I have a 20' flue that I am inserting it in, all is well so far: I've got the 4" stainless steel vent pipe up the flue, the top plate and top cap are in place. My real question is about the installation of the vent pipe to the stove itself. The vent kit I purchased came with a male-female adapter, which I am using to make the connection.

I am using the wider end of the adapter to attach to the vent pipe as it comes down the flue, then the smaller end goes inside of the stove outlet from the Harman, but it's fit on the stove outlet is anything but "snug" and airtight. Both ends are secured using the adapters built-in hose clamps.

Is this correct? I was told by someone that it should always be like that, so creosote etc. will drip inside the stove instead of all over the outside of it. But I am concerned about the fit not being anything close to airtight.

I read somewhere that I could use either a high-temperature silicone caulk or chimney cement to seal it better.

Any suggestions would be greatly appreciated.
 
not sure.... but I would say it goes the other way around, its a positive vented appliance....
pellet stoves should not create creosote. you must have had a wood guy tell you that one........... Which is true by the way
 
I installed my insert a month ago. I had the same problem but, by cutting the end off the the flex pipe to appliance adapter ( came with my liner kit), I came up with a super tight fit instead of the loose one you are referring to. I still used silicone.
 
So you trimmed the end of the adapter with the smaller diameter? Did you use the "high temp" caulk?
 
GVA said:
not sure.... but I would say it goes the other way around, its a positive vented appliance....
pellet stoves should not create creosote. you must have had a wood guy tell you that one........... Which is true by the way

Well, the larger end of the adapter was the exact same diameter as the stove's pipe, so i can't get one around the other in either orientation.
 
Don't use the adaptor.
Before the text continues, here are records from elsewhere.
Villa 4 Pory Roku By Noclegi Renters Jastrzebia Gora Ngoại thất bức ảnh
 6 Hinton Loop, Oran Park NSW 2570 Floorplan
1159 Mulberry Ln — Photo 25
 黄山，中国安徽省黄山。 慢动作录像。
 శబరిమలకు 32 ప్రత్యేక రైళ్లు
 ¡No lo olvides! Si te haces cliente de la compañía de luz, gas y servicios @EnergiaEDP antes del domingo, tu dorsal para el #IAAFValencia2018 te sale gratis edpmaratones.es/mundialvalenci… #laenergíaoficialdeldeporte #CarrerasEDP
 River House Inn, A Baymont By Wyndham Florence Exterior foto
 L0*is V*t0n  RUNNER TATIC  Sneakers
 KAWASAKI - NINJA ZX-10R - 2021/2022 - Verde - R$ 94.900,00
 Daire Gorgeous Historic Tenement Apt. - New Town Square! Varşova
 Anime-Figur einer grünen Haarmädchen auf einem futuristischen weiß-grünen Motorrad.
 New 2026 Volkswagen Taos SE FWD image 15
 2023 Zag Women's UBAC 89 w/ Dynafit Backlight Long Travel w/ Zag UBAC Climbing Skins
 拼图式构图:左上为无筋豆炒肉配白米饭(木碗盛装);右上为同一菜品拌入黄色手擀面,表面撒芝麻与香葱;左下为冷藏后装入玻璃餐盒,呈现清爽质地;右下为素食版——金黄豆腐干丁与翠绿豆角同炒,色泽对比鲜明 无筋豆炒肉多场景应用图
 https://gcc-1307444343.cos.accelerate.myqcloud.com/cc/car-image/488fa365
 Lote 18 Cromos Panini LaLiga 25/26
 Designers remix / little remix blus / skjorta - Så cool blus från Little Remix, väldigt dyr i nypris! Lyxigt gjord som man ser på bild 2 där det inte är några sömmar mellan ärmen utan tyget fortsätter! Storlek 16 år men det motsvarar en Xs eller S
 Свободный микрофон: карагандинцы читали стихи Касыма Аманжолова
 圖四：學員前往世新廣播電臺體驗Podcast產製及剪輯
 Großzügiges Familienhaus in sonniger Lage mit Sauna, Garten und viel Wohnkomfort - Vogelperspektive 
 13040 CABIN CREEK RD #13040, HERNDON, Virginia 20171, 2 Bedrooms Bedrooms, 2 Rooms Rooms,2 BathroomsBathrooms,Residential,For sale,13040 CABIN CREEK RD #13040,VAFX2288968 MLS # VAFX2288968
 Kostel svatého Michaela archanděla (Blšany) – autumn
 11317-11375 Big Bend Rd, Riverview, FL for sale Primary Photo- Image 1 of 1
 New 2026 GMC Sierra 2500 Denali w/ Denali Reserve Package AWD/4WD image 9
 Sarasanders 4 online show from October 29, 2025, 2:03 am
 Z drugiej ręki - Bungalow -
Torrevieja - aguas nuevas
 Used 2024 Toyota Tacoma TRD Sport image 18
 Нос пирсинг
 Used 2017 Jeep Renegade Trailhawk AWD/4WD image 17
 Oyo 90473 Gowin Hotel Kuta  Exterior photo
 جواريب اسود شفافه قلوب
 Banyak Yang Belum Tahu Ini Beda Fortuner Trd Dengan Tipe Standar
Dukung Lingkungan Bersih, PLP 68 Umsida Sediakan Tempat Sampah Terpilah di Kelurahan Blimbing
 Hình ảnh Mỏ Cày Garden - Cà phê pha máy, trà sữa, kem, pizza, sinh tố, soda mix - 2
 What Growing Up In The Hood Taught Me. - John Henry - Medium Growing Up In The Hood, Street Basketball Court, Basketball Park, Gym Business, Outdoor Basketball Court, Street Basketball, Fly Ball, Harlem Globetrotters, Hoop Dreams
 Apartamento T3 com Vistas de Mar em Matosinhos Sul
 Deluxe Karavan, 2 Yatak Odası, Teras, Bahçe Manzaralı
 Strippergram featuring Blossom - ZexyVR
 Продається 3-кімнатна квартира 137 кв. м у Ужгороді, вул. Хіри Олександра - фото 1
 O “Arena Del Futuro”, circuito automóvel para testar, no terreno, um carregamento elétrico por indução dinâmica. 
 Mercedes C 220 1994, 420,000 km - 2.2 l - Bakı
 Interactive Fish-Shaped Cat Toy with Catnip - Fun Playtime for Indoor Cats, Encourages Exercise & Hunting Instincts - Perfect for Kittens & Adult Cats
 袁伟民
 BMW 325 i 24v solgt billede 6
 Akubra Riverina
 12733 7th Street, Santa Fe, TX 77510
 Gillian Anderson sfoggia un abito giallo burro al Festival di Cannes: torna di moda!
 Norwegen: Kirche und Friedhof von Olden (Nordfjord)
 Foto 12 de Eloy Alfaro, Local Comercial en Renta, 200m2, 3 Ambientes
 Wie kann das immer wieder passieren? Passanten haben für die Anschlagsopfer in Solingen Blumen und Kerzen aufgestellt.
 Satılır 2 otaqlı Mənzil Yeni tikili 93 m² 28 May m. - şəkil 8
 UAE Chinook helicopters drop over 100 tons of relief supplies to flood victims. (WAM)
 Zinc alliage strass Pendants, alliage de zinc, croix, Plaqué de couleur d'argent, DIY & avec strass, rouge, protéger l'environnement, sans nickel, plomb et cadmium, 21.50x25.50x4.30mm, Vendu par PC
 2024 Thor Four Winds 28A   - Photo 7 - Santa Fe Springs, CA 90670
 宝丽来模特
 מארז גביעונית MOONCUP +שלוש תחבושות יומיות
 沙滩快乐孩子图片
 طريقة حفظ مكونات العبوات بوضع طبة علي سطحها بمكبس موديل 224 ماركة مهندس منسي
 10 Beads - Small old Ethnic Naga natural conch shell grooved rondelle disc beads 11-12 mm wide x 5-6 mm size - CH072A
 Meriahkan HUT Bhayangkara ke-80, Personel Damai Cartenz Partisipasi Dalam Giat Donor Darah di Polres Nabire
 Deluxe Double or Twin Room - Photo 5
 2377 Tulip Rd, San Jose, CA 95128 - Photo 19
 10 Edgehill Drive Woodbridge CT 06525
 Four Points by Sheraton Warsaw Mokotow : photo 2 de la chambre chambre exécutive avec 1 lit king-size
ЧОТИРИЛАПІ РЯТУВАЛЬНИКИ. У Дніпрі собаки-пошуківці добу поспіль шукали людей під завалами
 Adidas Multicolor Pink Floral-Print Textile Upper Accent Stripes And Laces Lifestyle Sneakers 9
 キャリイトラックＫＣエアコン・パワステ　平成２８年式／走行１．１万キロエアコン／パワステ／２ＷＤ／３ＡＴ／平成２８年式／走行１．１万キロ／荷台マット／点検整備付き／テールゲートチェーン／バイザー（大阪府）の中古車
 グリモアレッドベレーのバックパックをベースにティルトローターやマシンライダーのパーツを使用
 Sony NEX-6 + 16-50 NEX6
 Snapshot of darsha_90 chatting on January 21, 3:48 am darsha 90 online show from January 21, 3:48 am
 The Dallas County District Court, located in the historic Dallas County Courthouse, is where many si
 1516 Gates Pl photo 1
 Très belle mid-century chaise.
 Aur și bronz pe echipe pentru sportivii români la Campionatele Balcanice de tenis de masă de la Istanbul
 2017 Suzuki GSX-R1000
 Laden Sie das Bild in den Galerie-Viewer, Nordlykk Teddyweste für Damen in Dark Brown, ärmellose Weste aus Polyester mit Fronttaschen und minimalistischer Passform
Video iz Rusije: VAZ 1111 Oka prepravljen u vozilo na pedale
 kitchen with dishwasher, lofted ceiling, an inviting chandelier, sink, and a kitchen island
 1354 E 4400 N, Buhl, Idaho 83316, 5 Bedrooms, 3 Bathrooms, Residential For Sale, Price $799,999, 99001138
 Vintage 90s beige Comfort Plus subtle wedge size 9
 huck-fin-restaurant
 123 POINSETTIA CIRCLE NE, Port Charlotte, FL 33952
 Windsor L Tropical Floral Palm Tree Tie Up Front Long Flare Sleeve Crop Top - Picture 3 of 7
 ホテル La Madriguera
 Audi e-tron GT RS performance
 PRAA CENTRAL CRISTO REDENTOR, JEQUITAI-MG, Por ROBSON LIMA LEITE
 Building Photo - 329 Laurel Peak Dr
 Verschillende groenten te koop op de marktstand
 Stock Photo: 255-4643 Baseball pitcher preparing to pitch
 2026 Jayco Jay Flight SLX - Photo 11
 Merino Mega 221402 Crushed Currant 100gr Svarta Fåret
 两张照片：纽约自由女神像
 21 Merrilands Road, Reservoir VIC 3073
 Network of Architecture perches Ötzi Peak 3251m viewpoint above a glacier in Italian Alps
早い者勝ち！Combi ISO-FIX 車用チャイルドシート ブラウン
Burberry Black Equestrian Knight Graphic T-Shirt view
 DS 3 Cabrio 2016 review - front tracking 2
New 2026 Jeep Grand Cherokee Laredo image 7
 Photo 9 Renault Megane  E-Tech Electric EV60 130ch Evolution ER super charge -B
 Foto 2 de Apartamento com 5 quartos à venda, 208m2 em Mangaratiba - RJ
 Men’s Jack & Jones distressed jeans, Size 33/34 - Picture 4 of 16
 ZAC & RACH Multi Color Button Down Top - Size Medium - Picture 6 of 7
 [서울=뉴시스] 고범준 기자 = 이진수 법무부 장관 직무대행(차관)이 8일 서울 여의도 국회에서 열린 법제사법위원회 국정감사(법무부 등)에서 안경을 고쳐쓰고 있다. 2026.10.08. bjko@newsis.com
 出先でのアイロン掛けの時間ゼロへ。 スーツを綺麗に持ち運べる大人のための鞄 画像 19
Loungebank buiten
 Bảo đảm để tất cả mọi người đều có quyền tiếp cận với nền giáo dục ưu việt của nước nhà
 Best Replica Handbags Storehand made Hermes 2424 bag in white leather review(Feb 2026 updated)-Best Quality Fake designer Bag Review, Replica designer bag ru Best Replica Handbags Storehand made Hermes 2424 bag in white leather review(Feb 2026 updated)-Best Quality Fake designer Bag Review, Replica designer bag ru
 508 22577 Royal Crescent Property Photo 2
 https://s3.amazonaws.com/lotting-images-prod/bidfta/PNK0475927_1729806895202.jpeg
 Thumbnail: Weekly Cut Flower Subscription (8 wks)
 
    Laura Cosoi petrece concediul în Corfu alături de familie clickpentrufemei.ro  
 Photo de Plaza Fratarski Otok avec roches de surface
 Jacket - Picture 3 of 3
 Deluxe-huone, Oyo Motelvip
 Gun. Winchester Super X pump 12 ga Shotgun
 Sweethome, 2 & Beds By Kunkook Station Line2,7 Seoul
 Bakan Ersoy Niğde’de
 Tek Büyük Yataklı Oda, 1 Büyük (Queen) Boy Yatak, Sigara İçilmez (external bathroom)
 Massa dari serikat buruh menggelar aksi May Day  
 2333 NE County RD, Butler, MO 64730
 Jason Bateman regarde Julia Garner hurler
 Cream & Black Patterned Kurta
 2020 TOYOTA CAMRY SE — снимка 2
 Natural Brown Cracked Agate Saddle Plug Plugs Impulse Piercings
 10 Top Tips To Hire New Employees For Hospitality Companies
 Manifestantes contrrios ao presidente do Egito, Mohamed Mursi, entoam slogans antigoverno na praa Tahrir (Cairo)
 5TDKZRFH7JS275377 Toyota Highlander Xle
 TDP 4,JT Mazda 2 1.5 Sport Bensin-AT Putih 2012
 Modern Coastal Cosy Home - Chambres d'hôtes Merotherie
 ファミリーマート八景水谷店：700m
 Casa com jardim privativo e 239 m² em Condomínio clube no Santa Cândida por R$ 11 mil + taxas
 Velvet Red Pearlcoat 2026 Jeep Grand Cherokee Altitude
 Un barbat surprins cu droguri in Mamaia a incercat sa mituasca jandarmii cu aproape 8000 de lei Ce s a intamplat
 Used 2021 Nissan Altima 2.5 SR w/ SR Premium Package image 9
The liner pipe should fit right inside the stoves collar. Secure with a couple tek screws and put a bead of 500deg silicone around the joint and your done.
Also, you should have removed the cast parts off the stove body before you moved it (top plate, side plates and door). Makes moving it much easier
 
Parrot Head said:
Also, you should have removed the cast parts off the stove body before you moved it (top plate, side plates and door). Makes moving it much easier

can you do that w/ an accentra free-standing? that sucker sure is heavy...

mine is still parked in my basement, waiting for me to get around to installing it. moving it upstairs is going to be fun...
 
cac4 said:
Parrot Head said:
Also, you should have removed the cast parts off the stove body before you moved it (top plate, side plates and door). Makes moving it much easier

can you do that w/ an accentra free-standing? that sucker sure is heavy...

mine is still parked in my basement, waiting for me to get around to installing it. moving it upstairs is going to be fun...

Unfortunately, no. Tha F/S Accentra is actually a true cast iron stove. Actually they do come apart, I have had to replace a bottom that was damaged in shipping. It all unbolts, but it is a pain.
 
lecomte38 said:
I installed my insert a month ago. I had the same problem but, by cutting the end off the the flex pipe to appliance adapter ( came with my liner kit), I came up with a super tight fit instead of the loose one you are referring to. I still used silicone.

After doing my research I ended up following your advice above: I trimmed the adapter with some snips, cranked it down with the attached hose clamp. My local HW store did not have the hi-temp silicon caulk, but they did have Rutland furnace cement [$5 for a small tub]. It was easy to work with, is meant for metal to metal sealing, and is good to 2000º F. Thanks for your advice.